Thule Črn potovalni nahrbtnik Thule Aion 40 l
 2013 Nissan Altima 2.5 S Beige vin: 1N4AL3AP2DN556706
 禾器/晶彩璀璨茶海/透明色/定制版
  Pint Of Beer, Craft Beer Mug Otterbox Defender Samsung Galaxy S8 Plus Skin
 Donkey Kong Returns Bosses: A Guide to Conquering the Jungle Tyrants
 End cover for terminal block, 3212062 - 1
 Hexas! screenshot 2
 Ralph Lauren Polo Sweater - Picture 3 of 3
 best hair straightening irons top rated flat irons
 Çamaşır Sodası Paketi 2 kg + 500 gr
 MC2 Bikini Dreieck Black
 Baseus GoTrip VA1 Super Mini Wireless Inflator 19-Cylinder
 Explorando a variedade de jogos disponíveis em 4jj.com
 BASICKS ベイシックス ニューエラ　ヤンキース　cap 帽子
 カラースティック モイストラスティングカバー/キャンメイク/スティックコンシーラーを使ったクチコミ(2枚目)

::::::

◆ Problem details ◆
What you copy should begin at the line with "Explorando a variedade" and end at the final line of the listing, each line exactly as it is.

◆ Response ◆
 Explorando a variedade de jogos disponíveis em 4jj.com
 BASICKS ベイシックス ニューエラ　ヤンキース　cap 帽子
 カラースティック モイストラスティングカバー/キャンメイク/スティックコンシーラーを使ったクチコミ(2枚目)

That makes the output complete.